I love reading about history, but once in a while when you go digging into the past, you really learn something as disturbing as it is fascinating. We always start our neighbourhood posts with some basic knowledge of the area backed with some Internet (AKA “lazy”) research. Our Design Intern, Rebecca, from Winnipeg Technical College was reading up on this week’s entry when she came across this article by blogger Reid Dickie.

Who knew that a pleasant suburban neighbourhood in Winnipeg was once a shantytown populated by poor Métis families and rail-riding transients.

VELOCITYWG #9 is “Grant Park” by Design Intern, Rebecca Waczko

 

Rooster Town was the colourful name for the grim Depression-era village which formed on the outskirts of South Winnipeg. No road connection or running water, no city services, just a rail-line which provided transport in and out of the surrounding bush, and the occasional box-car sold to the poor as makeshift homes.

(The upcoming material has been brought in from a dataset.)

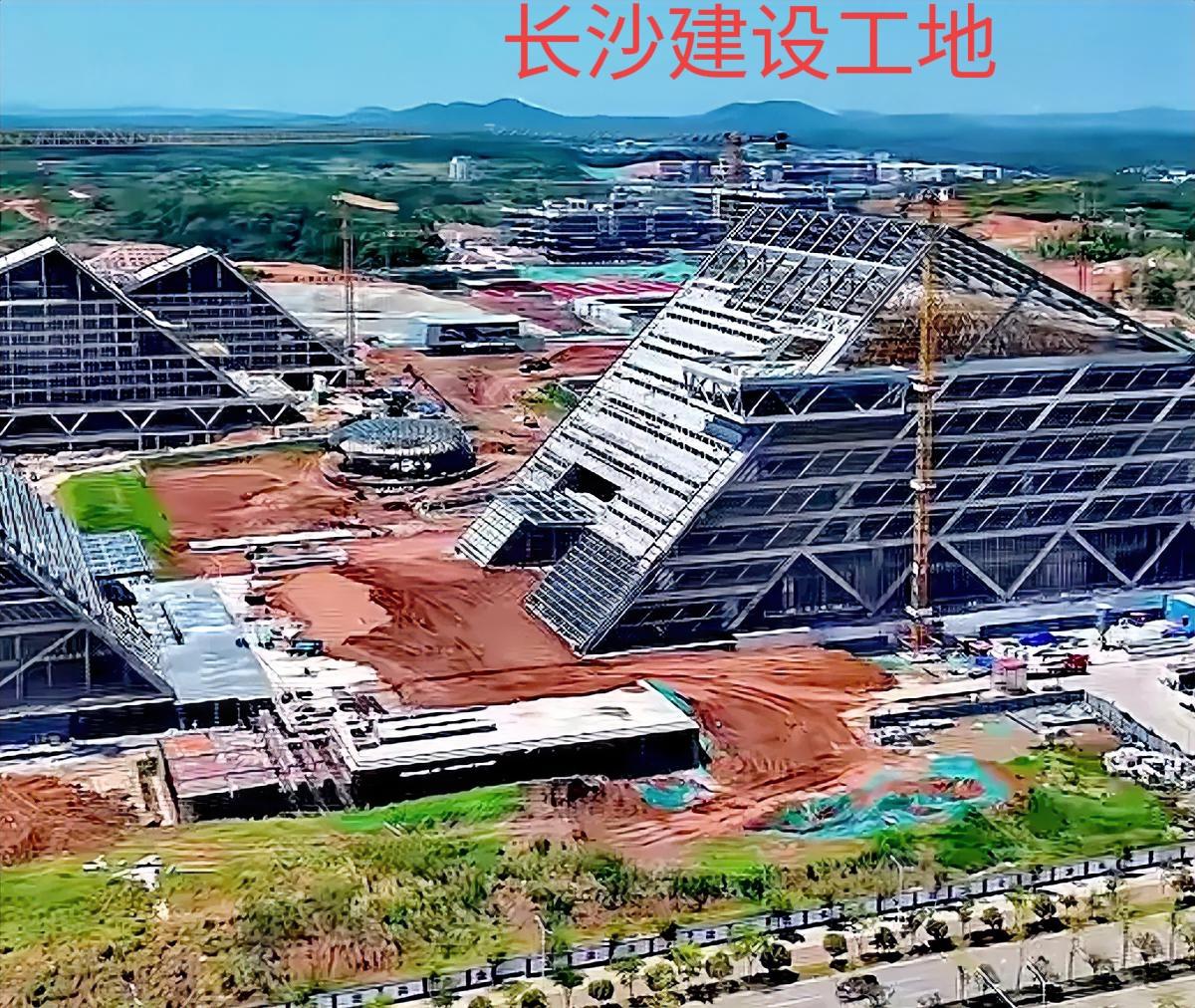 说实话，长沙的每年每天都在搞经济发展，特别是工地建设这一块都在搞，而且每天都在不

It’s hard to believe that just eight years after Mayor Stephen Juba had the last residents evicted and the last traces of Rooster Town were bulldozed away, Winnipeg introduced the Western Hemisphere to the state-of-the-art Pan Am Pool built for the 1967 Pan-American Games.

Rebecca’s comments:

When given the task of designing this week’s logo for Grant Park, I thought it was going to be very challenging. But once I started to dig into the history of the area it proved to be quite interesting. I chose to use the Grant’s Scottish tartan since Grant Avenue was named to commemorate Cuthbert James Grant. When I found out the remarkable history about Rooster Town, I felt it only right to pay tribute to this lost suburb. Now every time I visit the mall I’ll find it hard not to remember what it once was.

 

My fondest memories of Grant Park almost always involve lining up for a hotly-anticipated film (such as 1990’s Teenage Mutant Ninja Turtles) For a fine afternoon/evening out, I suggest a nice espresso or a late at LaGrotta Market on Taylor and Waverly, take in the 60s and 70s architecture of the apartments and churches on Grant Avenue, peruse the endless selection of engaging titles at McNally Robinson, and finish off with a holiday blockbuster at the Empire 8.

If it’s a clear night and not too cold, enjoy a little star gazing behind Grant Park High. Listen for the train-whistle and think of Rooster Town.

VELOCITYWG is a weekly design project: simple exercises in unfettered creativity with a common theme that’s near and dear to our hearts: celebrating the streets, suburbs, and cityscape of Manitoba’s capital.